* **WORK TASK**
An exact copy of every entry below is needed.

* **INFORMATION GIVEN**

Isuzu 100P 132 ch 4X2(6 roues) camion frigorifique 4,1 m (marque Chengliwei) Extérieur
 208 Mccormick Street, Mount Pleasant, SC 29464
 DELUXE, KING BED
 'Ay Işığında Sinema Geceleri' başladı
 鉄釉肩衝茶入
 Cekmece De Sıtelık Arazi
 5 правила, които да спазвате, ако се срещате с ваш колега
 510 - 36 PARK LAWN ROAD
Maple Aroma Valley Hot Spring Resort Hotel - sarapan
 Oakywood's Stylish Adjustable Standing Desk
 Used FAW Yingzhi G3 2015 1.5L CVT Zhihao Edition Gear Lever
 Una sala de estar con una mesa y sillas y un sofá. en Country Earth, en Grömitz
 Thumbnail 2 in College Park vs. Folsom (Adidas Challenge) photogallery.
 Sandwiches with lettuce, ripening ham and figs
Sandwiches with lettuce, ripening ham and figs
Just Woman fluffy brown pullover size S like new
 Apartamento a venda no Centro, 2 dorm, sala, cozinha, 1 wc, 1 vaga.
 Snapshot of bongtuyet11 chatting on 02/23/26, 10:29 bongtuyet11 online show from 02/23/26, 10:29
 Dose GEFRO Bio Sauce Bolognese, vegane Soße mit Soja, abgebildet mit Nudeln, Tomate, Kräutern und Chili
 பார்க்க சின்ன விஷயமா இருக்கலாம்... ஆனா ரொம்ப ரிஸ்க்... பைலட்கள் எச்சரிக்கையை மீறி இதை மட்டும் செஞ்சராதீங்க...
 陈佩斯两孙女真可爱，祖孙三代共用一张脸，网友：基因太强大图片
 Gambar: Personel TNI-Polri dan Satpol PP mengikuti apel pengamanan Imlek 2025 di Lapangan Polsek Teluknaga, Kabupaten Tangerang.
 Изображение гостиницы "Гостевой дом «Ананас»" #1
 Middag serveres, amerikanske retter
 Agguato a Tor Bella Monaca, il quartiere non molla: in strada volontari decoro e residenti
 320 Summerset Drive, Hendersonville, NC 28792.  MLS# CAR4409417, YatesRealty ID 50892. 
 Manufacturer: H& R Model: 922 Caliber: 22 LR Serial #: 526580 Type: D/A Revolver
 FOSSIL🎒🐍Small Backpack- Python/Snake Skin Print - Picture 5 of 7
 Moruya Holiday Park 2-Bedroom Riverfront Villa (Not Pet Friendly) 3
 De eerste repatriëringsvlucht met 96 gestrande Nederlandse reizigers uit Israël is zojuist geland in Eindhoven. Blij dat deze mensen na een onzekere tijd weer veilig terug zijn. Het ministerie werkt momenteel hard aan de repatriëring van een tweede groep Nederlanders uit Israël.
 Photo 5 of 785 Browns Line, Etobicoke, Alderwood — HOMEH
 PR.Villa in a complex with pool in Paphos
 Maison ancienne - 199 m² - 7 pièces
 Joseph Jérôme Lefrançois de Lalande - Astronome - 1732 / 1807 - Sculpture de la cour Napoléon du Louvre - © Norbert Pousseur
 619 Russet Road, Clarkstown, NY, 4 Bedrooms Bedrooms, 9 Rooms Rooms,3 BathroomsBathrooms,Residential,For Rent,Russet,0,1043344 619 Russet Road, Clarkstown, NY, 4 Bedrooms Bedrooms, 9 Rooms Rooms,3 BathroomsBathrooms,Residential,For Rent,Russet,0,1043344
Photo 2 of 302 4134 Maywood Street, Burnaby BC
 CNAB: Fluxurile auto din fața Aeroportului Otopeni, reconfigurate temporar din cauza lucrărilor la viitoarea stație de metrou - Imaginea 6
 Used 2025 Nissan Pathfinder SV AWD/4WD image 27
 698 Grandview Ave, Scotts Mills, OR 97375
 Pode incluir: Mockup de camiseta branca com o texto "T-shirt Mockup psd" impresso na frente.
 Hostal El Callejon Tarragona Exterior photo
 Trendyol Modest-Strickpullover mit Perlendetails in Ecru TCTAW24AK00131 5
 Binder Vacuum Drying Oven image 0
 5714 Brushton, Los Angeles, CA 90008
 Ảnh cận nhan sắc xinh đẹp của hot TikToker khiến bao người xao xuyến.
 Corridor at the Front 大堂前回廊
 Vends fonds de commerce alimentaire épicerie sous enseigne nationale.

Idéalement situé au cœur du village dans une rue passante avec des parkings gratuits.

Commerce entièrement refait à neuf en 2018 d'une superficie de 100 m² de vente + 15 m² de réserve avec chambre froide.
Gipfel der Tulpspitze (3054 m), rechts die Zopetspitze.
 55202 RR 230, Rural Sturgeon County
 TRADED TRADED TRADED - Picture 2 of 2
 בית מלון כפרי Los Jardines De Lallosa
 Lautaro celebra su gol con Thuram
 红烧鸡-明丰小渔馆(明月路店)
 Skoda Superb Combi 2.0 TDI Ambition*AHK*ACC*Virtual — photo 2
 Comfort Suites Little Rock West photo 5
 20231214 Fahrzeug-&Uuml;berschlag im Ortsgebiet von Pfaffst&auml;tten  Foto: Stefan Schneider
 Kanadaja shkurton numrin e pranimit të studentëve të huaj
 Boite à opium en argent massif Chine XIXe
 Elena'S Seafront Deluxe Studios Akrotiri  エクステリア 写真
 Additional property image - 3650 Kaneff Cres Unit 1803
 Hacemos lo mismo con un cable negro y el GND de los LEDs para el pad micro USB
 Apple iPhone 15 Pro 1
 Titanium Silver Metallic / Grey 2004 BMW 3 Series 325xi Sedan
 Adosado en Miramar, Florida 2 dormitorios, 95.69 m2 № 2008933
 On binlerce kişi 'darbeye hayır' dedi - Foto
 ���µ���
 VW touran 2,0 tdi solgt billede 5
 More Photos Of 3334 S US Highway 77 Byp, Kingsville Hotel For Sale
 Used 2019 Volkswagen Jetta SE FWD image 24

* **ANSWER BELOW**
Isuzu 100P 132 ch 4X2(6 roues) camion frigorifique 4,1 m (marque Chengliwei) Extérieur
 208 Mccormick Street, Mount Pleasant, SC 29464
 DELUXE, KING BED
 'Ay Işığında Sinema Geceleri' başladı
 鉄釉肩衝茶入
 Cekmece De Sıtelık Arazi
 5 правила, които да спазвате, ако се срещате с ваш колега
 510 - 36 PARK LAWN ROAD
Maple Aroma Valley Hot Spring Resort Hotel - sarapan
 Oakywood's Stylish Adjustable Standing Desk
 Used FAW Yingzhi G3 2015 1.5L CVT Zhihao Edition Gear Lever
 Una sala de estar con una mesa y sillas y un sofá. en Country Earth, en Grömitz
 Thumbnail 2 in College Park vs. Folsom (Adidas Challenge) photogallery.
 Sandwiches with lettuce, ripening ham and figs
Sandwiches with lettuce, ripening ham and figs
Just Woman fluffy brown pullover size S like new
 Apartamento a venda no Centro, 2 dorm, sala, cozinha, 1 wc, 1 vaga.
 Snapshot of bongtuyet11 chatting on 02/23/26, 10:29 bongtuyet11 online show from 02/23/26, 10:29
 Dose GEFRO Bio Sauce Bolognese, vegane Soße mit Soja, abgebildet mit Nudeln, Tomate, Kräutern und Chili
 பார்க்க சின்ன விஷயமா இருக்கலாம்... ஆனா ரொம்ப ரிஸ்க்... பைலட்கள் எச்சரிக்கையை மீறி இதை மட்டும் செஞ்சராதீங்க...
 陈佩斯两孙女真可爱，祖孙三代共用一张脸，网友：基因太强大图片
 Gambar: Personel TNI-Polri dan Satpol PP mengikuti apel pengamanan Imlek 2025 di Lapangan Polsek Teluknaga, Kabupaten Tangerang.
 Изображение гостиницы "Гостевой дом «Ананас»" #1
 Middag serveres, amerikanske retter
 Agguato a Tor Bella Monaca, il quartiere non molla: in strada volontari decoro e residenti
 320 Summerset Drive, Hendersonville, NC 28792.  MLS# CAR4409417, YatesRealty ID 50892. 
 Manufacturer: H& R Model: 922 Caliber: 22 LR Serial #: 526580 Type: D/A Revolver
 FOSSIL🎒🐍Small Backpack- Python/Snake Skin Print - Picture 5 of 7
 Moruya Holiday Park 2-Bedroom Riverfront Villa (Not Pet Friendly) 3
 De eerste repatriëringsvlucht met 96 gestrande Nederlandse reizigers uit Israël is zojuist geland in Eindhoven. Blij dat deze mensen na een onzekere tijd weer veilig terug zijn. Het ministerie werkt momenteel hard aan de repatriëring van een tweede groep Nederlanders uit Israël.
 Photo 5 of 785 Browns Line, Etobicoke, Alderwood — HOMEH
 PR.Villa in a complex with pool in Paphos
 Maison ancienne - 199 m² - 7 pièces
 Joseph Jérôme Lefrançois de Lalande - Astronome - 1732 / 1807 - Sculpture de la cour Napoléon du Louvre - © Norbert Pousseur
 619 Russet Road, Clarkstown, NY, 4 Bedrooms Bedrooms, 9 Rooms Rooms,3 BathroomsBathrooms,Residential,For Rent,Russet,0,1043344 619 Russet Road, Clarkstown, NY, 4 Bedrooms Bedrooms, 9 Rooms Rooms,3 BathroomsBathrooms,Residential,For Rent,Russet,0,1043344
Photo 2 of 302 4134 Maywood Street, Burnaby BC
 CNAB: Fluxurile auto din fața Aeroportului Otopeni, reconfigurate temporar din cauza lucrărilor la viitoarea stație de metrou - Imaginea 6
 Used 2025 Nissan Pathfinder SV AWD/4WD image 27
 698 Grandview Ave, Scotts Mills, OR 97375
 Pode incluir: Mockup de camiseta branca com o texto "T-shirt Mockup psd" impresso na frente.
 Hostal El Callejon Tarragona Exterior photo
 Trendyol Modest-Strickpullover mit Perlendetails in Ecru TCTAW24AK00131 5
 Binder Vacuum Drying Oven image 0
 5714 Brushton, Los Angeles, CA 90008
 Ảnh cận nhan sắc xinh đẹp của hot TikToker khiến bao người xao xuyến.
 Corridor at the Front 大堂前回廊
 Vends fonds de commerce alimentaire épicerie sous enseigne nationale.

Idéalement situé au cœur du village dans une rue passante avec des parkings gratuits.

Commerce entièrement refait à neuf en 2018 d'une superficie de 100 m² de vente + 15 m² de réserve avec chambre froide.
Gipfel der Tulpspitze (3054 m), rechts die Zopetspitze.
 55202 RR 230, Rural Sturgeon County
 TRADED TRADED TRADED - Picture 2 of 2
 בית מלון כפרי Los Jardines De Lallosa
 Lautaro celebra su gol con Thuram
 红烧鸡-明丰小渔馆(明月路店)
 Skoda Superb Combi 2.0 TDI Ambition*AHK*ACC*Virtual — photo 2
 Comfort Suites Little Rock West photo 5
 20231214 Fahrzeug-&Uuml;berschlag im Ortsgebiet von Pfaffst&auml;tten  Foto: Stefan Schneider
 Kanadaja shkurton numrin e pranimit të studentëve të huaj
 Boite à opium en argent massif Chine XIXe
 Elena'S Seafront Deluxe Studios Akrotiri  エクステリア 写真
 Additional property image - 3650 Kaneff Cres Unit 1803
 Hacemos lo mismo con un cable negro y el GND de los LEDs para el pad micro USB
 Apple iPhone 15 Pro 1
 Titanium Silver Metallic / Grey 2004 BMW 3 Series 325xi Sedan
 Adosado en Miramar, Florida 2 dormitorios, 95.69 m2 № 2008933
 On binlerce kişi 'darbeye hayır' dedi - Foto
 ���µ���
 VW touran 2,0 tdi solgt billede 5
 More Photos Of 3334 S US Highway 77 Byp, Kingsville Hotel For Sale
 Used 2019 Volkswagen Jetta SE FWD image 24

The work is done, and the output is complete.